New Mexico Report Surprises Health Insurance Executives
A headline-grabbing report released by the State Auditor’s Office this week said that the five largest health insurance companies in New Mexico owe the state at least $193 million in taxes on premiums paid by customers.
However, it is not clear whether any of the top five companies — Presbyterian Health Plan, Molina Healthcare Inc., UnitedHealthcare, Blue Cross Blue Shield of New Mexico and Amerigroup — have been told they owe money.
The report seemed to catch health insurance executives by surprise.
Todd Pilger, Molina Healthcare of New Mexico vice president, said in a statement that the company had not been notified by the state insurance office. If it does receive notice, it “will work closely with (the state) to resolve this matter,” he said.
Todd Sandman, senior vice president of Presbyterian Healthcare Services, said the company does not believe it owes the state premium taxes.
“We are confident that Presbyterian Health Plan has appropriately paid all premium taxes due to the Office of the Superintendent of Insurance,” Sandman said in a written statement. “We take our financial responsibility to the state and to the New Mexicans we serve extremely seriously.”
The report, done by an outside firm and released by State Auditor Tim Keller, was based on a sampling of payments made by the top five health insurers between 2010-2015.
Therefore, “the total amount due to the state for all transactions is likely to be more,” Keller said in a news release.
A spokeswoman for United-Healthcare said the company was reviewing the report, while a Blue Cross representative noted that the document does not identify companies by name and said it was “too early to comment.”
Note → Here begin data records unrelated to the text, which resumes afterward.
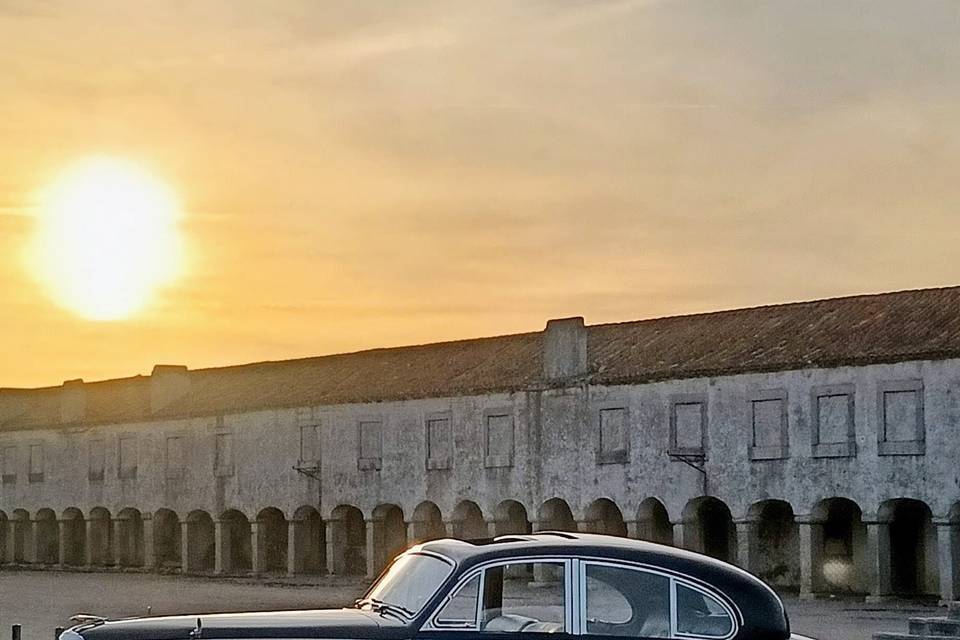 Jaguar mk9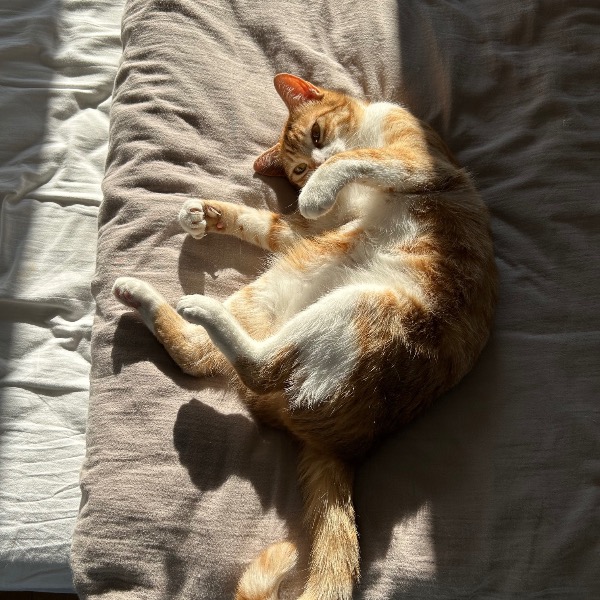 Suzette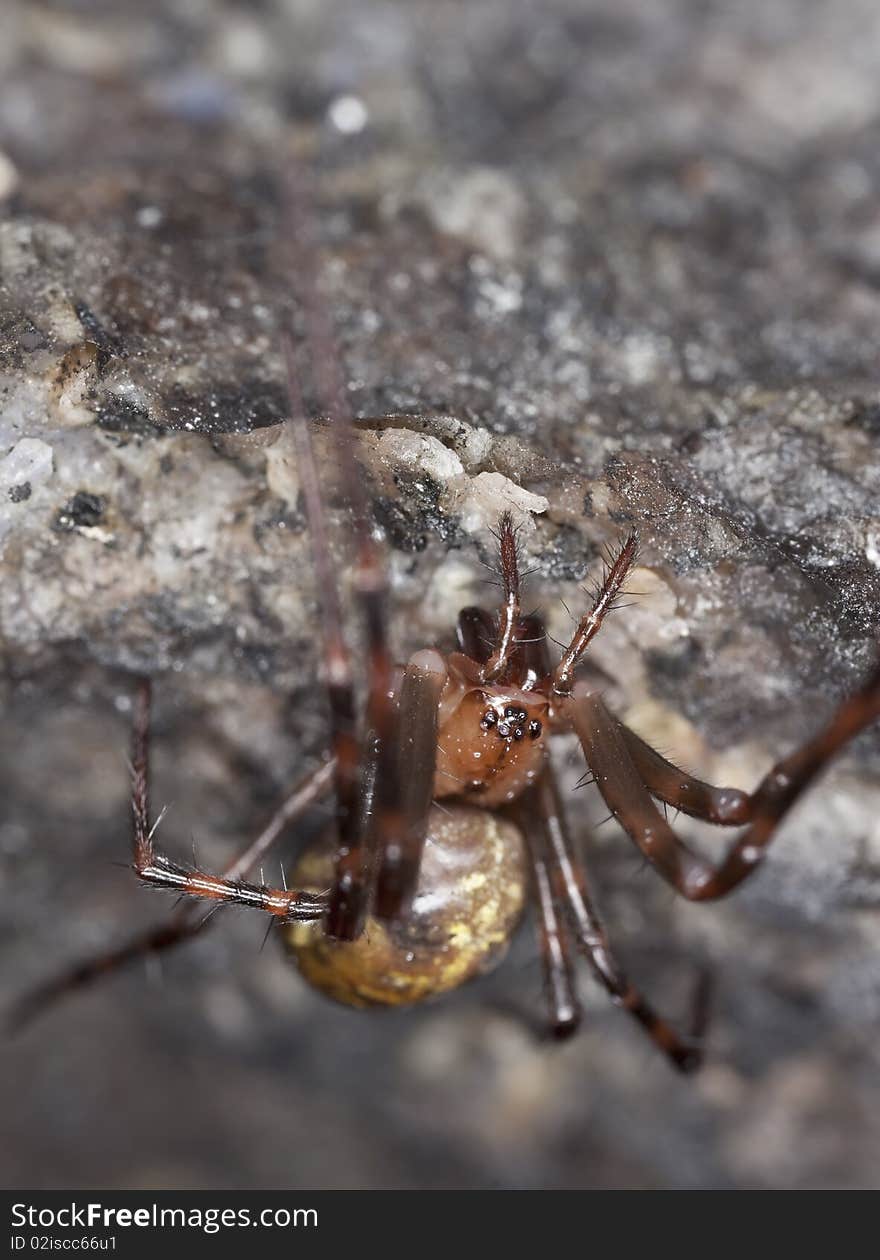 European cave spider (Meta menardi) Macro photo.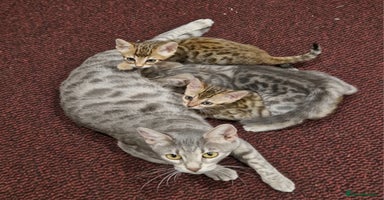 Bengal cats - Advert 6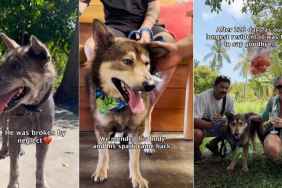 Abandoned Rescue Dog Waits Years for Family To Return, Then Finds a Home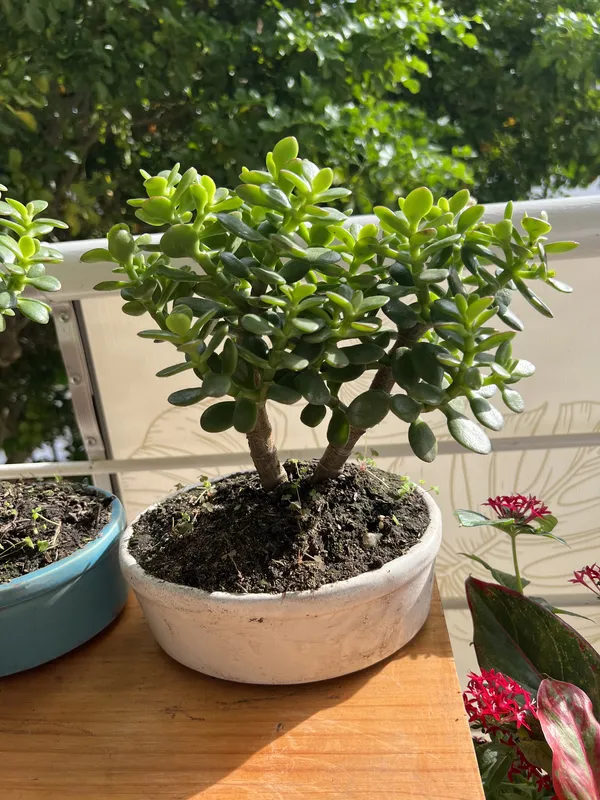 Bonsai matera de barro mediana - Imagen 3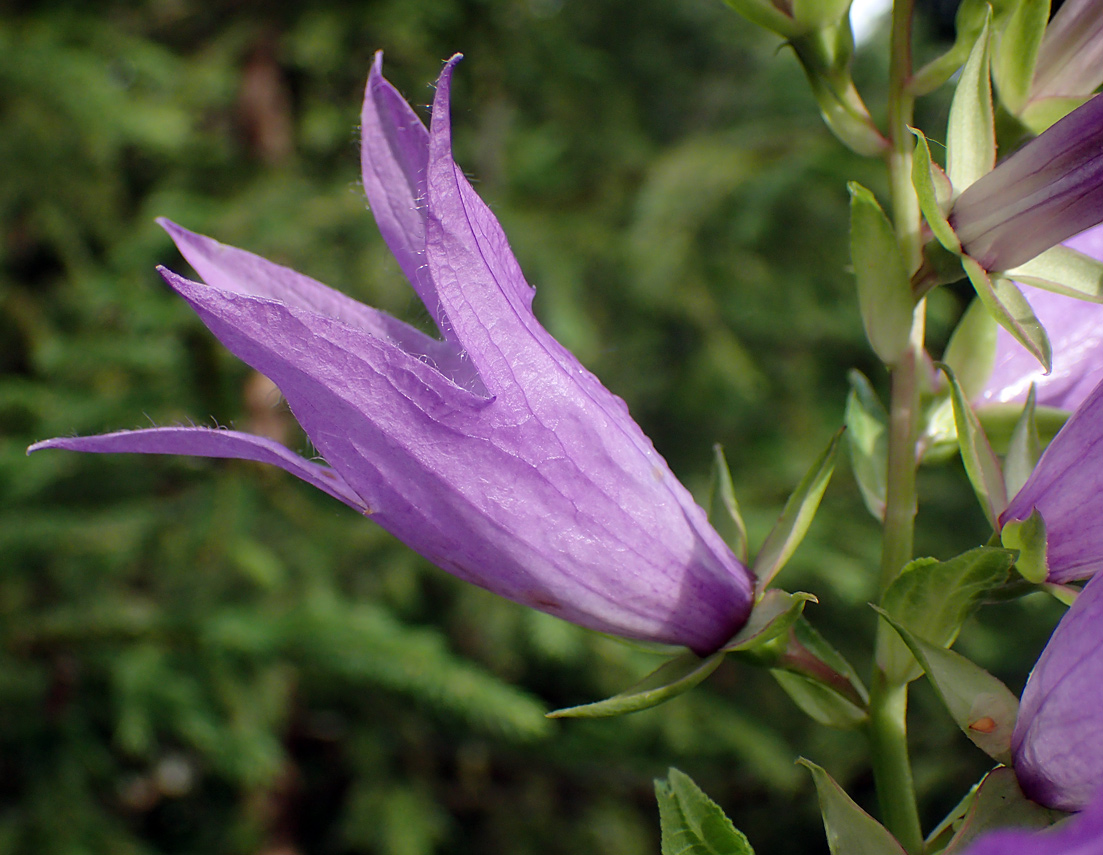 Image of Campanula latifolia specimen.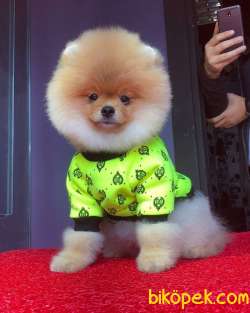Evinize Renk Katacak Dünya Tatlısı Pomeranian Yavrumuz :) 2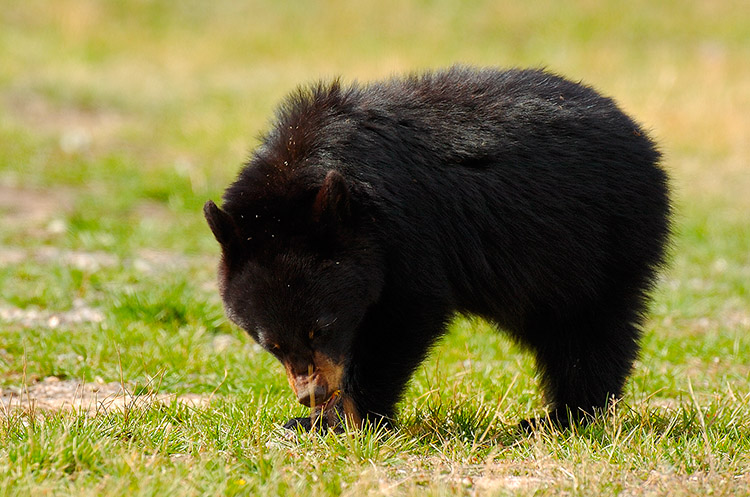 BlackBearCub_RooseveltLodge_9123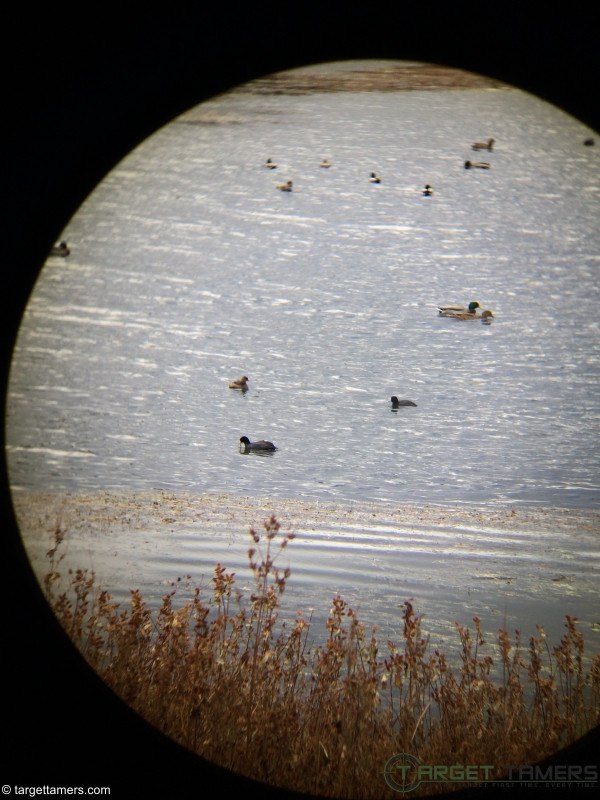 Photo of Ducks on lake taken from inside truck using Burris 10x42 Droptine binos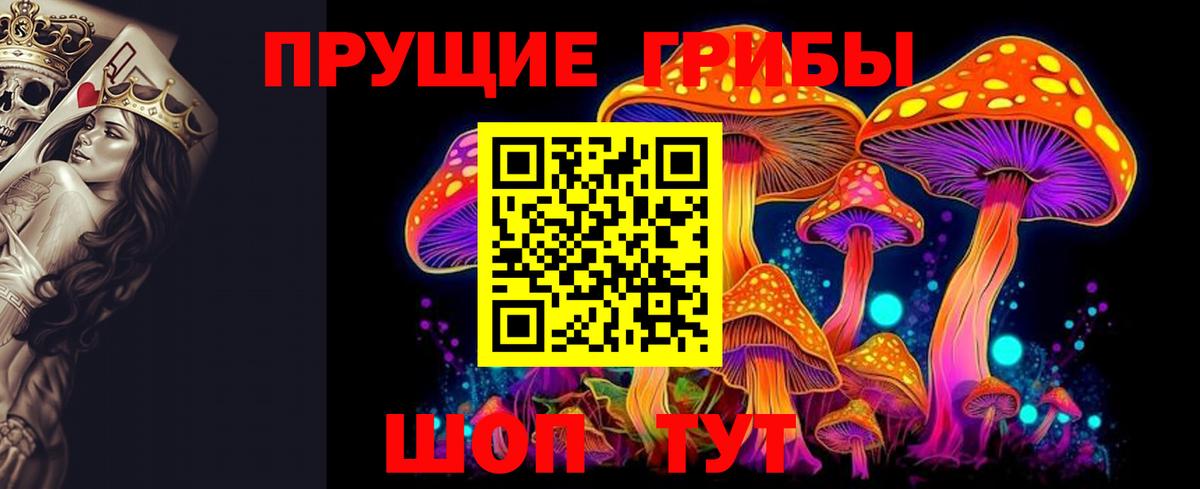 Галлюциногенные грибы прущие грибы  Вход с VPN  Назрань 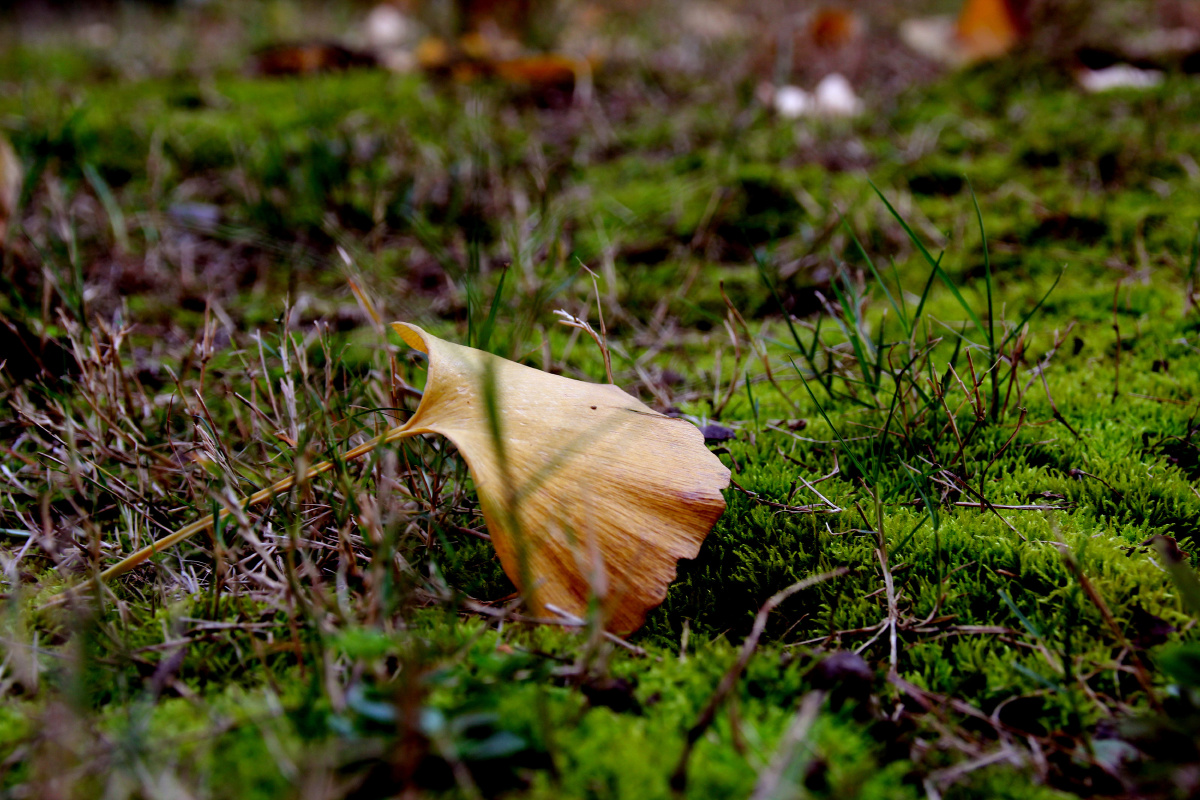 一叶落而知秋至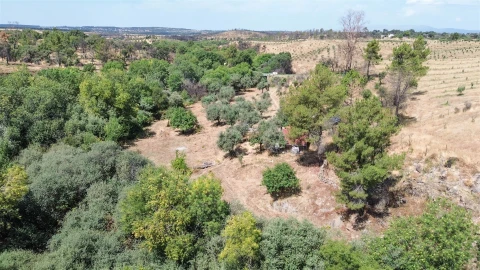 Terreno Agricola ou Rústico para Venda em Medelim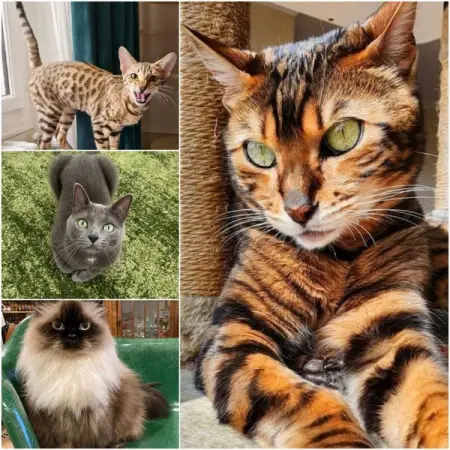 Here are 35 rarest and most expensive cat breeds in the world.
FUNCATZ.CO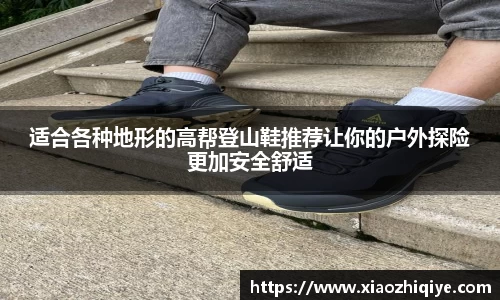 3377体育官网下载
Amerigroup did not respond to requests for comment Friday.
John Franchini, state Superintendent of Insurance, said his office has been investigating insurance underpayments since last December.
The probe is not limited to health insurers but is also looking at all kinds of insurance overseen by the office, which includes car, homeowners’ and medical malpractice insurance along with other kinds of products, he said.
Keller urged the insurance office to collect the $193 million in underpayments, to provide a monthly timetable for “amounts recovered and outstanding” and to keep the same thing from happening in the future.
Such premium tax collections go into the general fund.
“Given New Mexico’s budget shortfalls, it is critical for the state to competently collect the taxes it’s owed,” Keller said in a news release.
The state faces a potential budget shortfall of up to $600 million, in both the current and just-finished budget years.
The insurance office last year collected more than $300 million in premium taxes, up $30 million over the year before, Franchini said. The state levies a tax of about 3 percent on an insurer’s gross premiums and membership and policy fees for policies that are subject to them.
The review was launched after Franchini asked the Legislature to fund it in 2015. He said his office has had difficulty ensuring tax filings are accurate because of a computer system that is antiquated and partly based on a “by-hand” system used more than 30 years ago.
The office plans to join an interstate computer tax system that will be transparent and will make it much easier to track premium taxes, he said.
“I know this doesn’t sound like much to you, but to me, it’s like taking the chains off my hands,” Franchini said.